Hrishikesh Dalal

Posted on Dec 29, 2025

EP 5: Autoscaling - Building Systems that Breathe

#webdev #kubernetes #aws

The Nightmare: The 3 AM Crash

Imagine your app gets featured by a major tech influencer at 3 AM. Traffic spikes from 100 users to 100,000 in minutes. If you are running on a fixed set of virtual machines, your CPU usage hits 100%, requests start queuing, and eventually, the database connections saturate. Your app crashes while you’re asleep.

In modern system design, you don't just need a horizontal system; you need one that scales itself.

Scaling 101: Vertical vs. Horizontal

Before we automate, we must understand the direction of growth:

Vertical Scaling (Scaling Up): Adding more power (CPU, RAM) to an existing machine. It’s easy but has a "ceiling" and involves downtime.
Horizontal Scaling (Scaling Out): Adding more machines to the pool. This is the foundation of cloud-native design.

Autoscaling is the automation of Horizontal Scaling.

How it Works: The "Control Loop"

Autoscaling isn't magic; it’s a feedback loop, much like a thermostat in a house.

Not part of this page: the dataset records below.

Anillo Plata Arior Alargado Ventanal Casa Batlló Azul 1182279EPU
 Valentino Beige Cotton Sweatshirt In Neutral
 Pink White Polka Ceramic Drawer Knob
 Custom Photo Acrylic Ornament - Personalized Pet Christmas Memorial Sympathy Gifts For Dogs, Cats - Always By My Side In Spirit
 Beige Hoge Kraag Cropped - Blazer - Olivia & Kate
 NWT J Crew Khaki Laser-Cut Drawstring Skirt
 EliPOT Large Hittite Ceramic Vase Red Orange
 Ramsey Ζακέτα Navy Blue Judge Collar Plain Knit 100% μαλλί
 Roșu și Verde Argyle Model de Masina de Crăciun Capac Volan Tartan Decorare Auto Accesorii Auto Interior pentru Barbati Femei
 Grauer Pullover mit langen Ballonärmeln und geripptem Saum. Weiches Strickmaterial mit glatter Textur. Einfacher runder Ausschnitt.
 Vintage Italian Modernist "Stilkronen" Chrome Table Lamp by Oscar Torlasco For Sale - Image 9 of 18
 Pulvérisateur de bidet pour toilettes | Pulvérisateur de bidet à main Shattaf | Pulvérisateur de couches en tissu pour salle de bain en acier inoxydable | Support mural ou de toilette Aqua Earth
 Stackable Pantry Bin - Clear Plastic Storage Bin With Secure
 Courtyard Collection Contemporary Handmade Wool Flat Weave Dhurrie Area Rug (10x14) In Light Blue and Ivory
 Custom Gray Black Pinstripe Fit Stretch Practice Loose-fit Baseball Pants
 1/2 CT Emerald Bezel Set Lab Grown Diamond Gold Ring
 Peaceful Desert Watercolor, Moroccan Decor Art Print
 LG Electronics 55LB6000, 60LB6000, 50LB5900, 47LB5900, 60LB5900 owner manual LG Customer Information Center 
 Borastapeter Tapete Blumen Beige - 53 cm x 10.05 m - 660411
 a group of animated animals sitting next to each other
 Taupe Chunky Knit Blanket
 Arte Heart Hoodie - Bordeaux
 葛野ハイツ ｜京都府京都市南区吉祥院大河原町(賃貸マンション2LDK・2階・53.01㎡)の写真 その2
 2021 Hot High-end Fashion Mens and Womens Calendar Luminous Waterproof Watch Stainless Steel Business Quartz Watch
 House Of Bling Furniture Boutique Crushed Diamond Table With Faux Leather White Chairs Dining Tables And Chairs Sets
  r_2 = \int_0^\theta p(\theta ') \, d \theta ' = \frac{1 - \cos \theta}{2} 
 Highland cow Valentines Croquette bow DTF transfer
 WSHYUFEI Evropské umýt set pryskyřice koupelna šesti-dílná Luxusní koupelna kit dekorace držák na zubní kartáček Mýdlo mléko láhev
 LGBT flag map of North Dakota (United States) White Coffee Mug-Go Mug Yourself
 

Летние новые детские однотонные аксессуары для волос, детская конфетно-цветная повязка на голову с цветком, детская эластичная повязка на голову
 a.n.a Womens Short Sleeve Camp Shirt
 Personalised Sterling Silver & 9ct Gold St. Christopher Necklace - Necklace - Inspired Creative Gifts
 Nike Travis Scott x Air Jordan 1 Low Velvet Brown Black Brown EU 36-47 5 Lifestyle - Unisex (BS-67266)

Metric Collection: The system monitors "Signals." While CPU and RAM are standard, sophisticated systems use Custom Metrics like "Requests Per Second" or "Messages in SQS Queue."
The Aggregator: The Autoscaler doesn't react to a single 1-second spike. It calculates averages over a "window" (e.g., a 3-minute moving average) to avoid jitter.
The Threshold: You define a target state (e.g., "Maintain average CPU at 60%").
The Action: The cloud provider or Kubernetes (HPA) triggers a deployment. The Load Balancer is notified of the new IP addresses and begins shifting traffic to the new "pods" or instances.

The Three Flavors of Autoscaling

1. Reactive Scaling (The "On-Demand" Approach)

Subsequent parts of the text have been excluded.